- Problem to work on
I would like you to output every record below exactly, apart from the pictures.
---- Given data
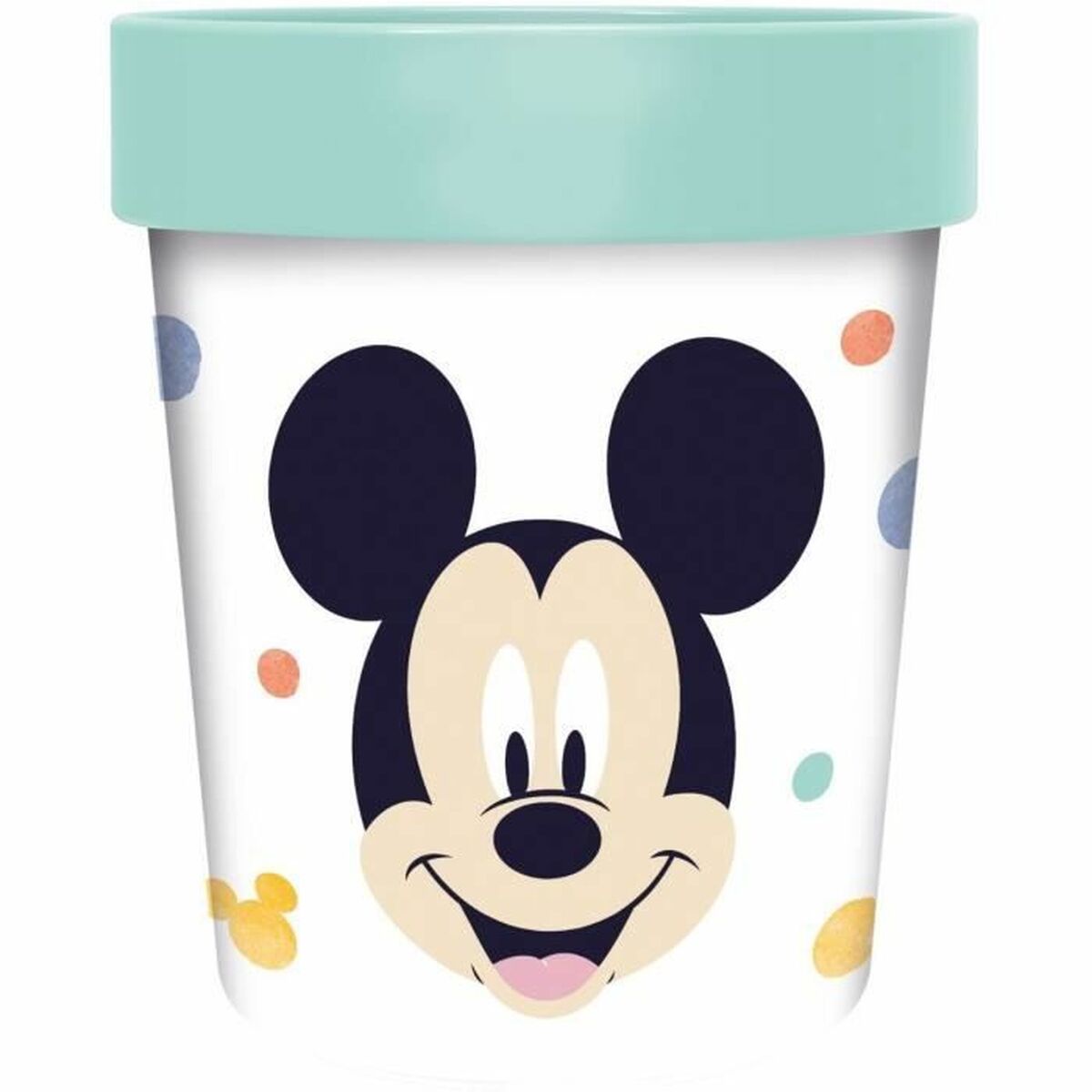 Thermobaby Tableware Thermobaby Mickey Children's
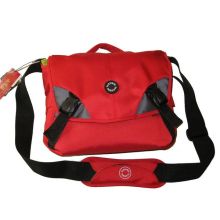 New style SLR crumpler camera bag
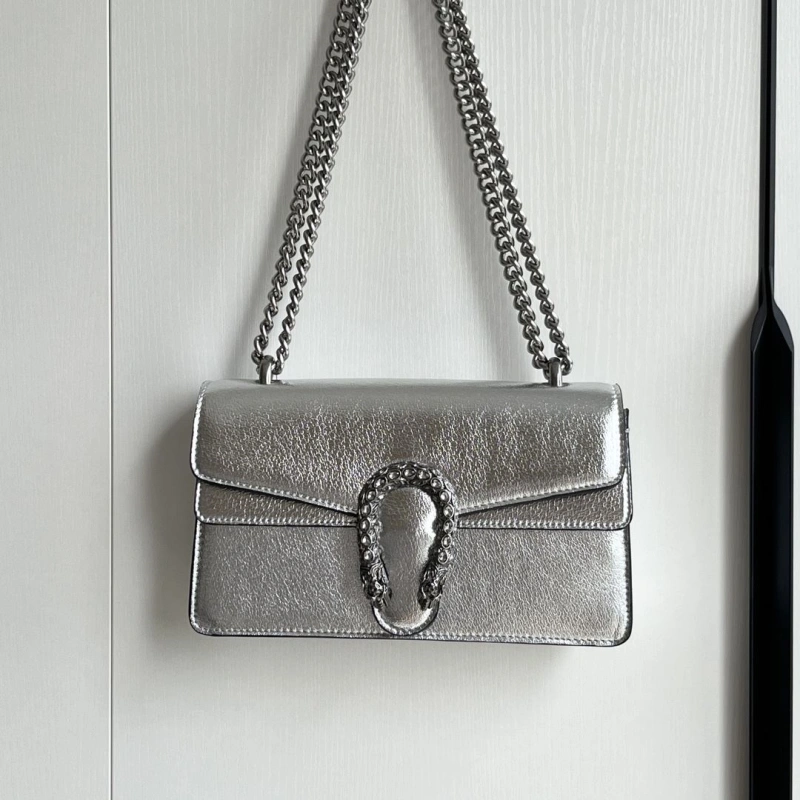 Gvc*1 satchel bags 4189a-0541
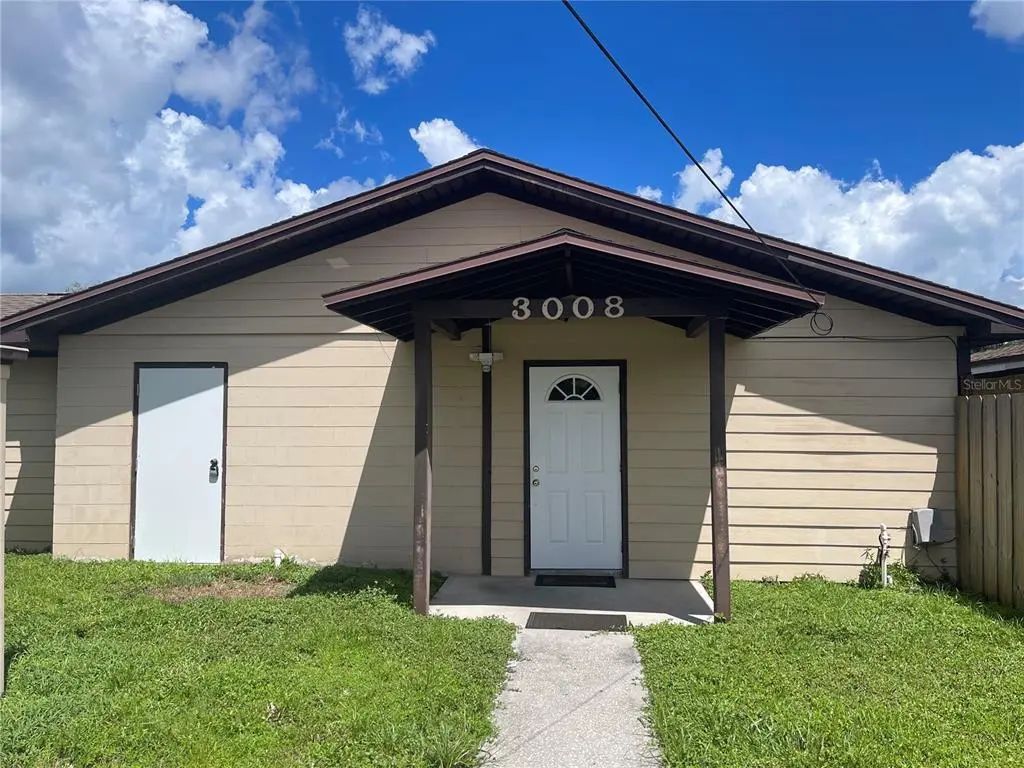 3008 Skyview Drive, LAKELAND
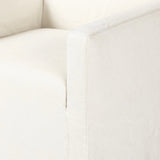 Collection: Westgat Amethyst Home provides interior design, new home construction design consulting, vintage area rugs, and lighting in the San Diego metro area.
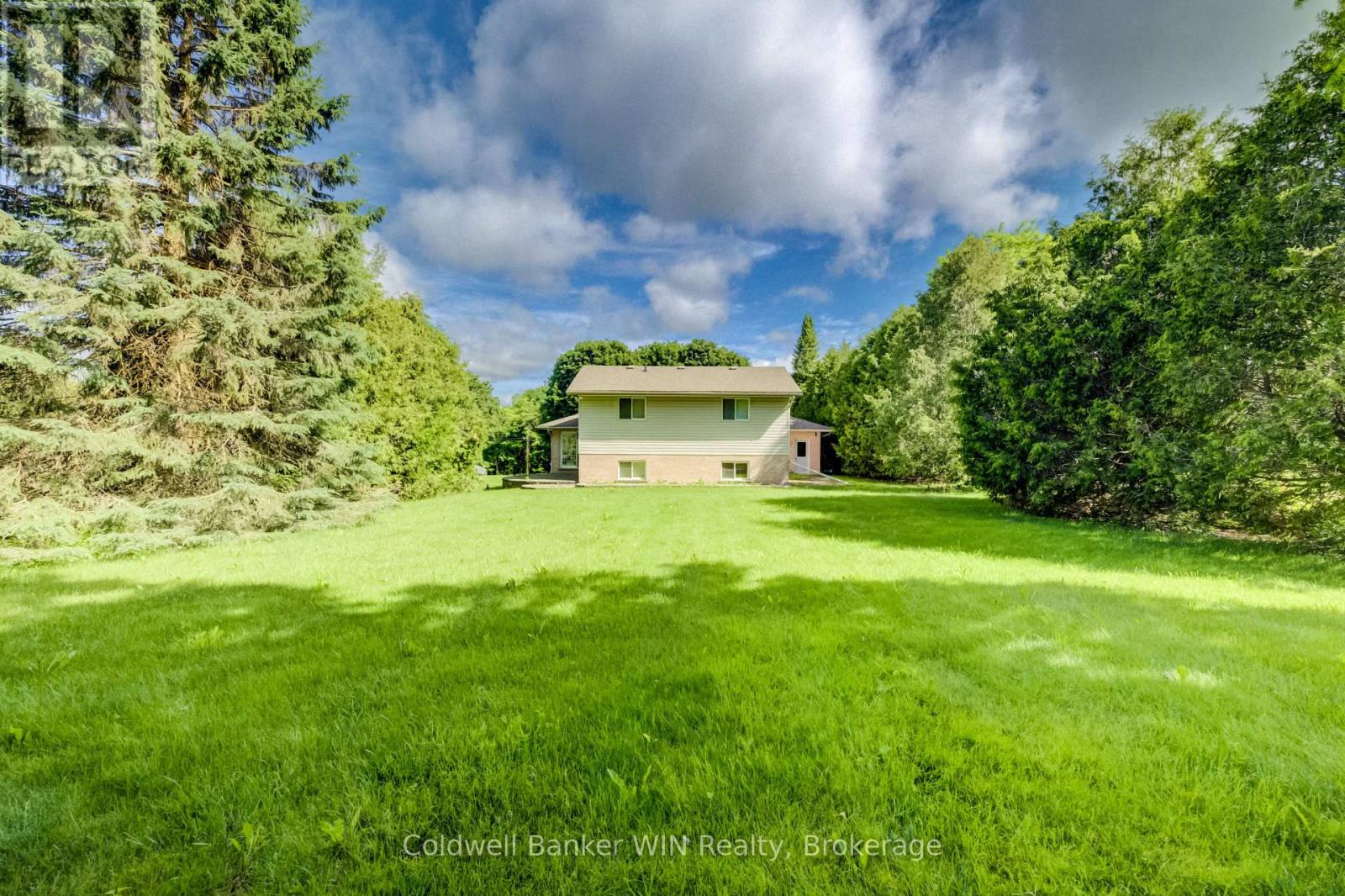144 South Water Street, Wellington North, Ontario  N0G 2L3 - Photo 35 - X13455470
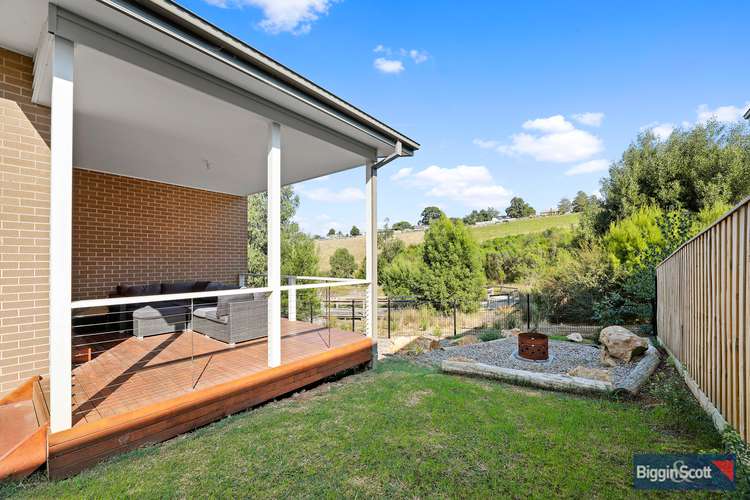 Sixth view of Homely house listing, 21 Birdsong Rise, Neerim South VIC 3831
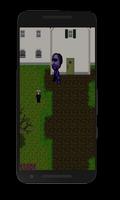 guide of Ao Oni 3 青鬼3 Ekran Görüntüsü 1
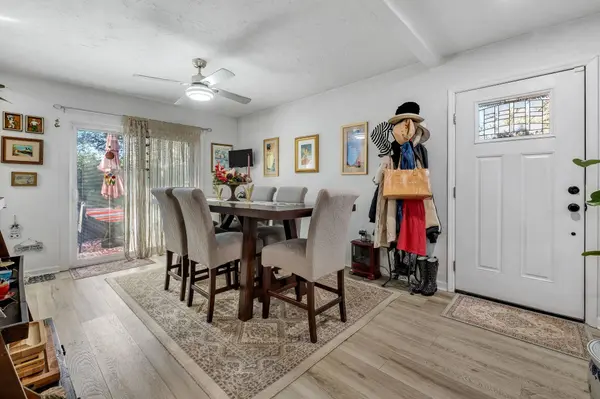 2949 N Shamrock Street, Tallahassee, FL 32309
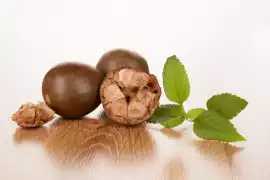 Buy Monk Fruit Sweetener in India - Zero-Calorie, , Ghaziabad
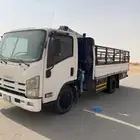 للبيع دنه ونش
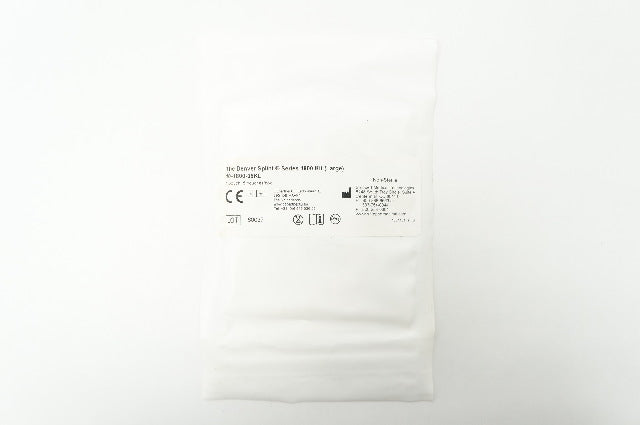 Shippert Medical 10-1800-05KL The Denver Splint 1800 Kit (Large)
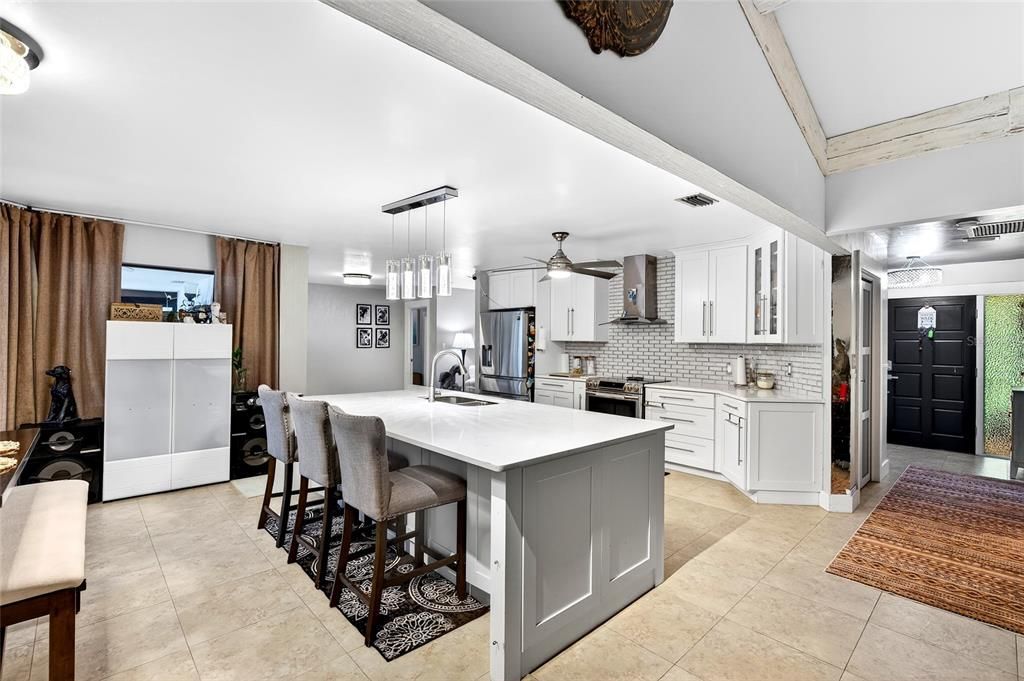 待售: $1,150,000 (3 贝兹, 3 浴室, 2399 平方英尺)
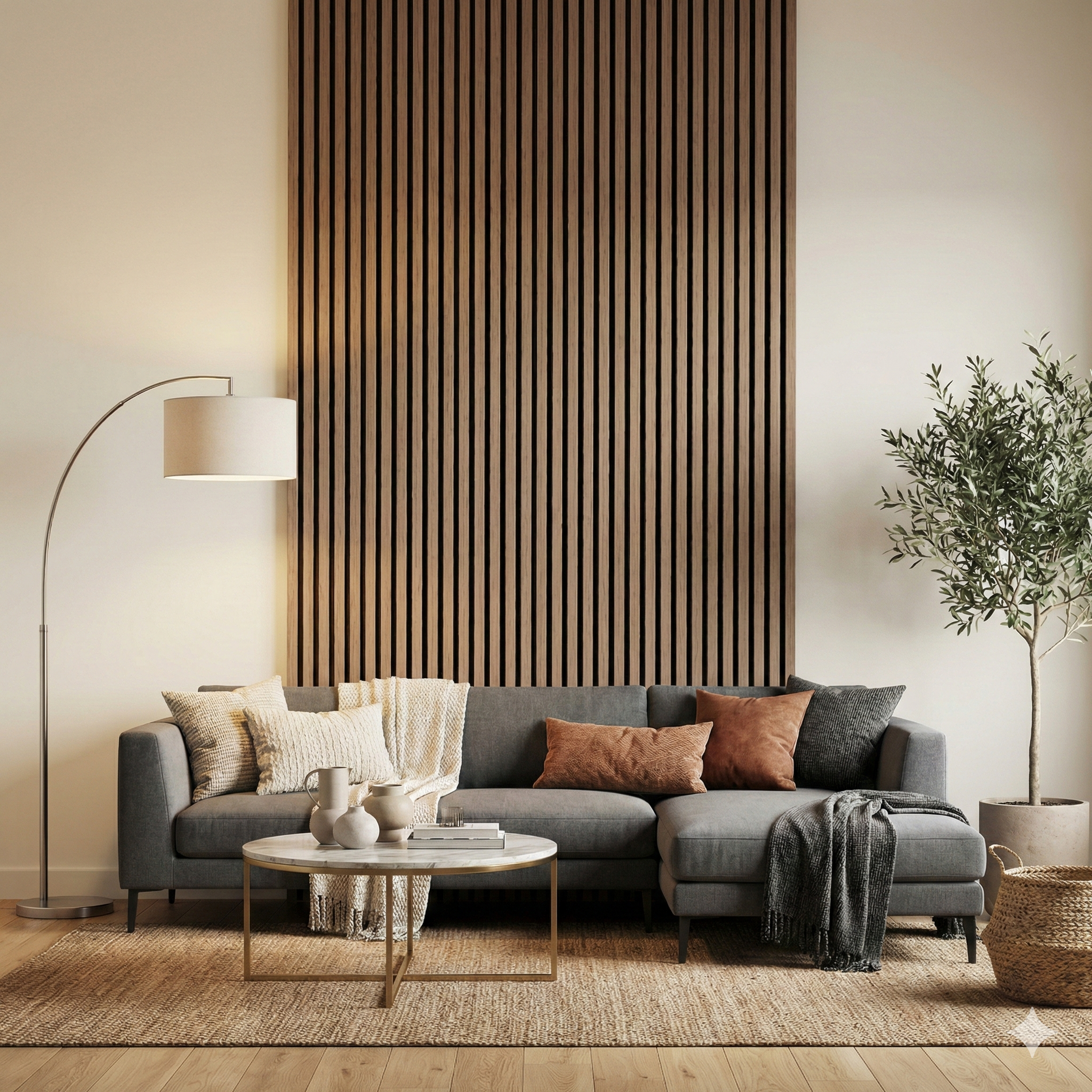 Transform Your Home This Easter: The Complete Guide to Acoustic Wall Panels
--------
- Reply
 Thermobaby Tableware Thermobaby Mickey Children's
 New style SLR crumpler camera bag
 Gvc*1 satchel bags 4189a-0541
 3008 Skyview Drive, LAKELAND
 Collection: Westgat Amethyst Home provides interior design, new home construction design consulting, vintage area rugs, and lighting in the San Diego metro area.
144 South Water Street, Wellington North, Ontario  N0G 2L3 - Photo 35 - X13455470
 Sixth view of Homely house listing, 21 Birdsong Rise, Neerim South VIC 3831
 guide of Ao Oni 3 青鬼3 Ekran Görüntüsü 1
 2949 N Shamrock Street, Tallahassee, FL 32309
 Buy Monk Fruit Sweetener in India - Zero-Calorie, , Ghaziabad
 للبيع دنه ونش
 Shippert Medical 10-1800-05KL The Denver Splint 1800 Kit (Large)
 待售: $1,150,000 (3 贝兹, 3 浴室, 2399 平方英尺)
 Transform Your Home This Easter: The Complete Guide to Acoustic Wall Panels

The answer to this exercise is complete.